[What to do]: Retype only the lines below from the one with "VALENTINO Белые кожаные" to the one with "Toyota VOXY 2012-01 192658-1", inclusive, skipping every image.

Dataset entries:
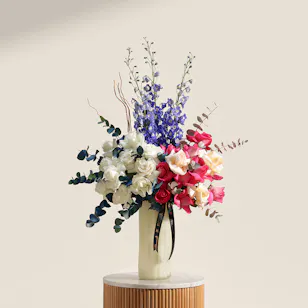 Pinky Glow Roses Vase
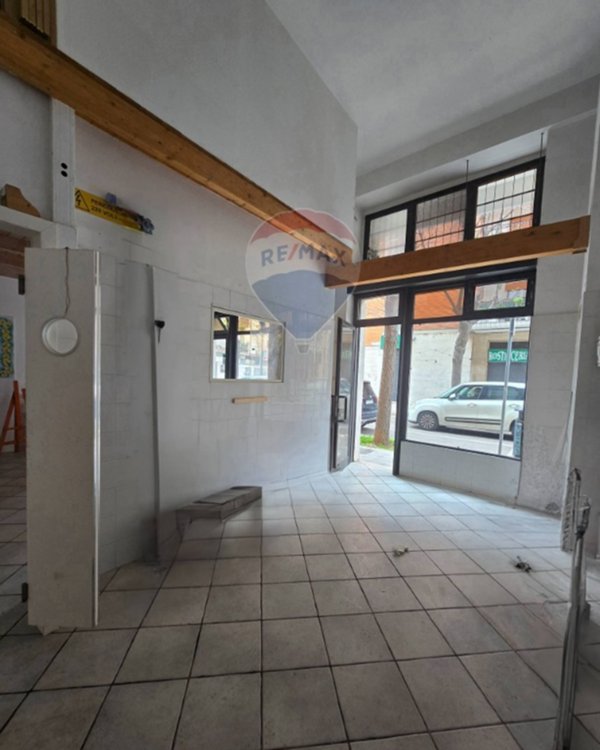 locale commerciale in vendita a Lecce in zona Mazzini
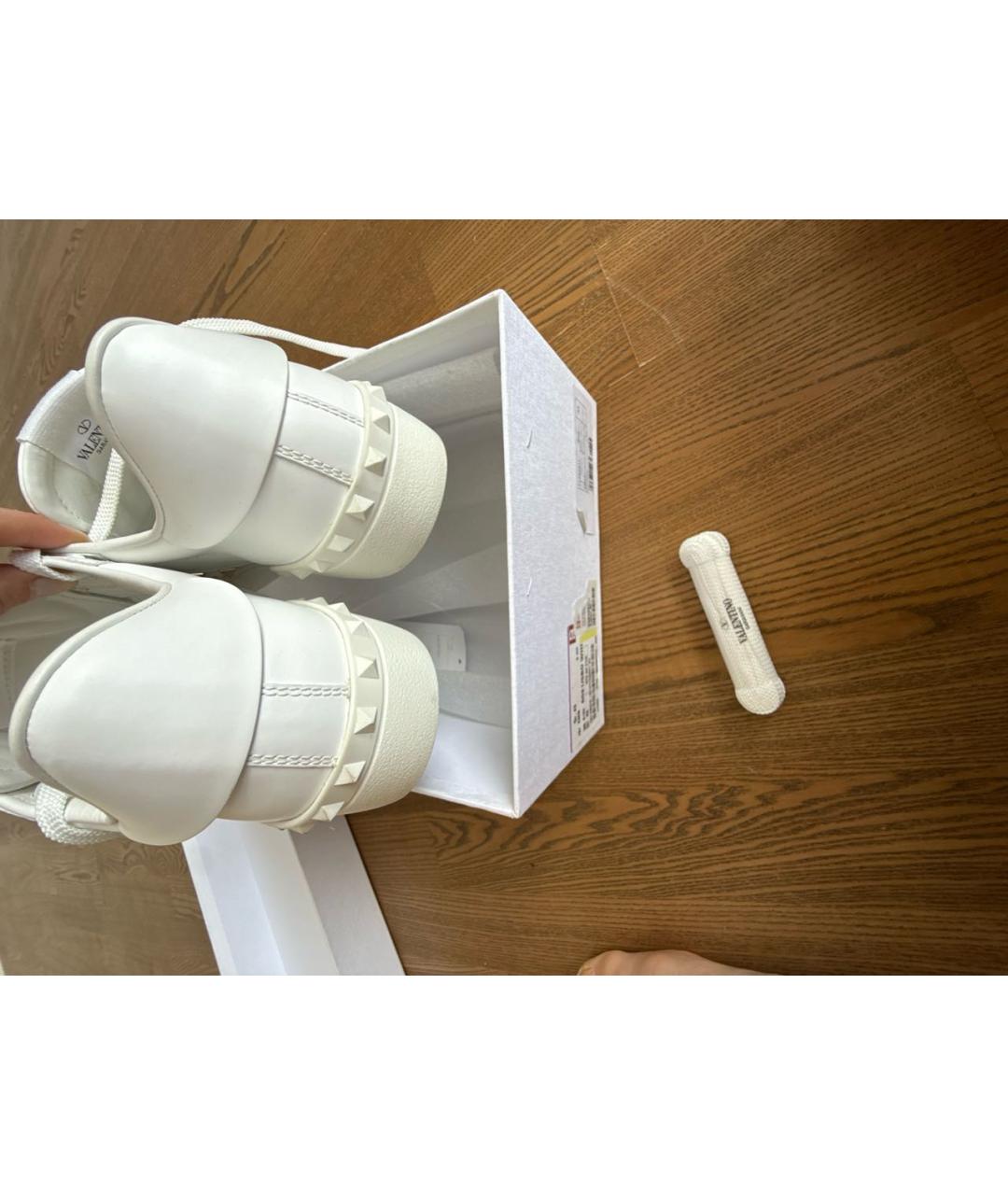 VALENTINO Белые кожаные низкие кроссовки / кеды, фото 3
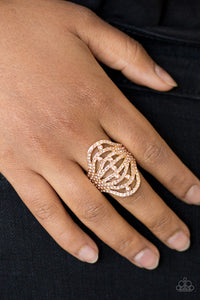 Paparazzi - Stratospheric - Gold Ring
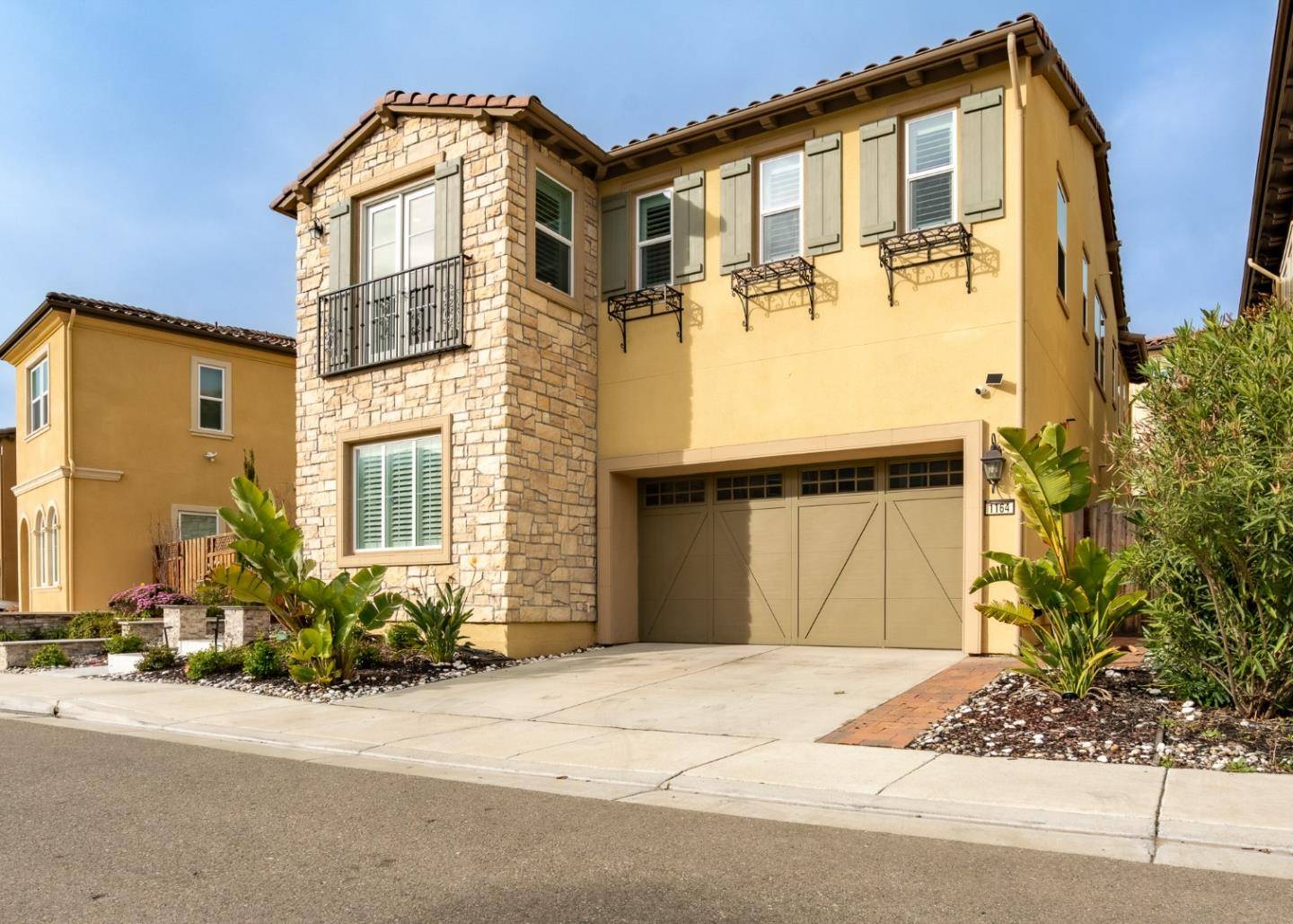 San Ramon, CA 94582,1164 Trumpet Vine Lane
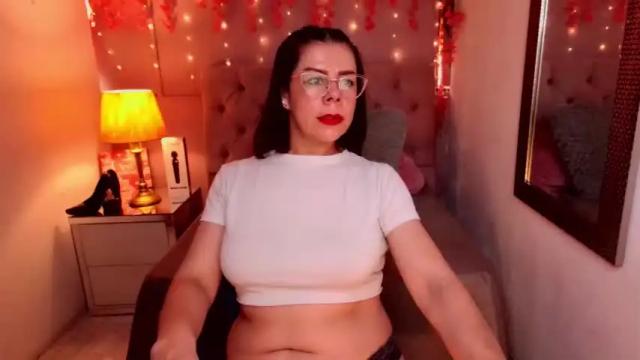 Image 12 of cumming_loving Stream on Chaturbate on 13 months ago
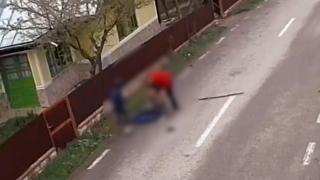 Scene șocante în Bacău: bătrân lovit cu bâta de un vecin și călcat de o căruță. La mijloc ar fi neînţelegeri mai vechi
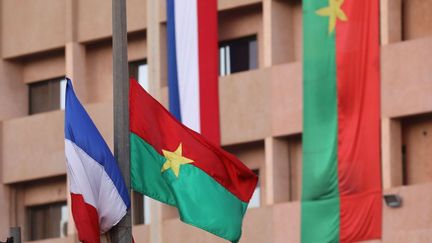 Drapeaux français et burkinabè à Ouagadougou, le 27 novembre 2017. (Ludovic Marin/AFP)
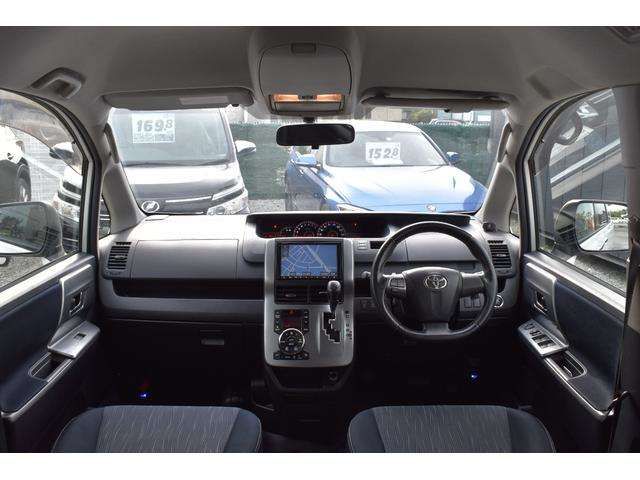 Toyota VOXY 2012-01 192658-1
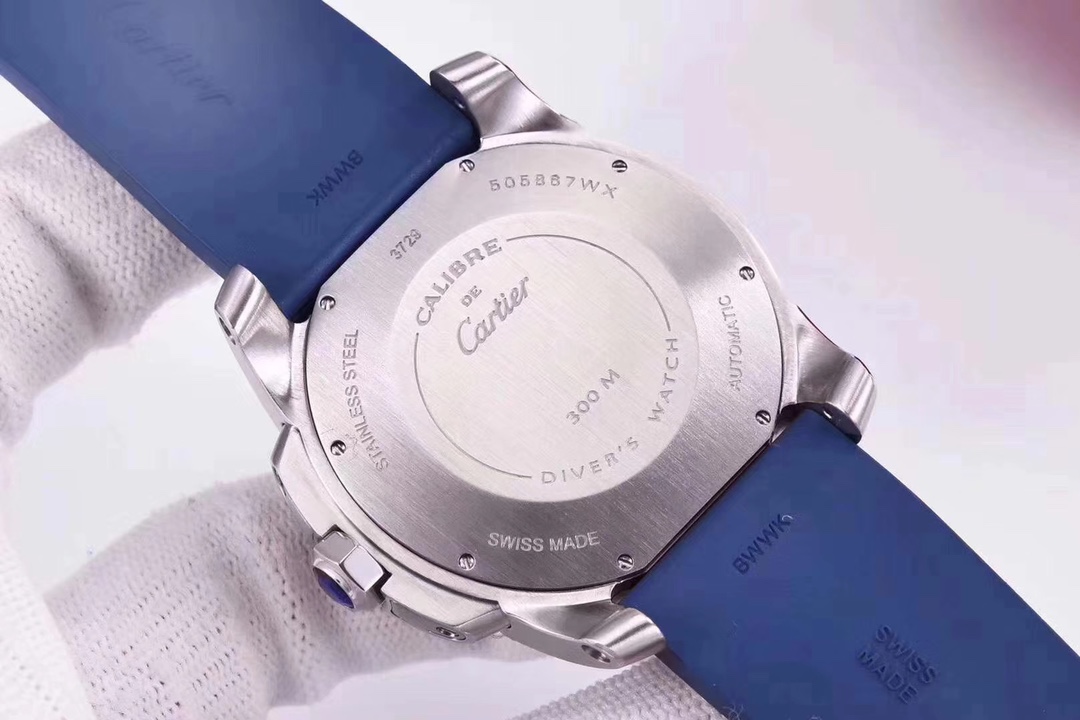 Cartier Calibre Diving Collection 42 x 11 mm, stainless steel case, ceramic bezel, sapphire crystal, water-resistant to 50 metres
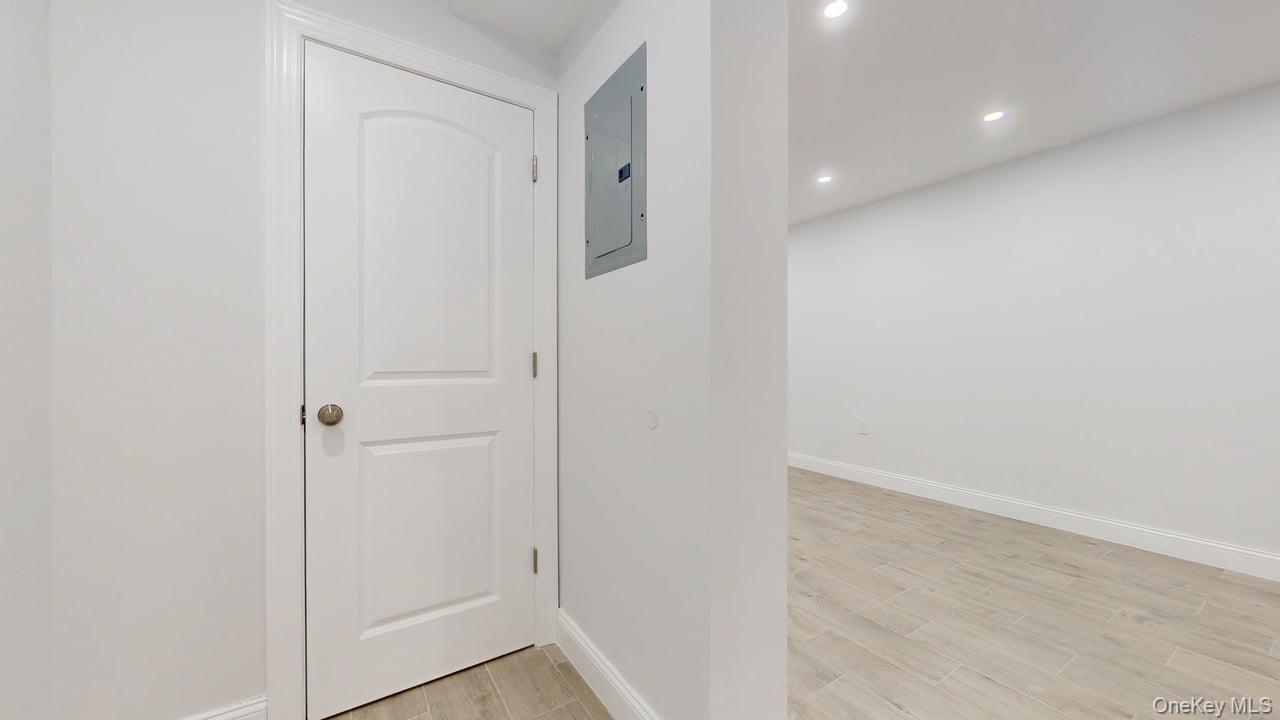 #17 photo, 72-17 66th Place, कुईंस Glendale , NY 11385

[Solution to this exercise]:
 VALENTINO Белые кожаные низкие кроссовки / кеды, фото 3
 Paparazzi - Stratospheric - Gold Ring
 San Ramon, CA 94582,1164 Trumpet Vine Lane
 Image 12 of cumming_loving Stream on Chaturbate on 13 months ago
 Scene șocante în Bacău: bătrân lovit cu bâta de un vecin și călcat de o căruță. La mijloc ar fi neînţelegeri mai vechi
 Drapeaux français et burkinabè à Ouagadougou, le 27 novembre 2017. (Ludovic Marin/AFP)
 Toyota VOXY 2012-01 192658-1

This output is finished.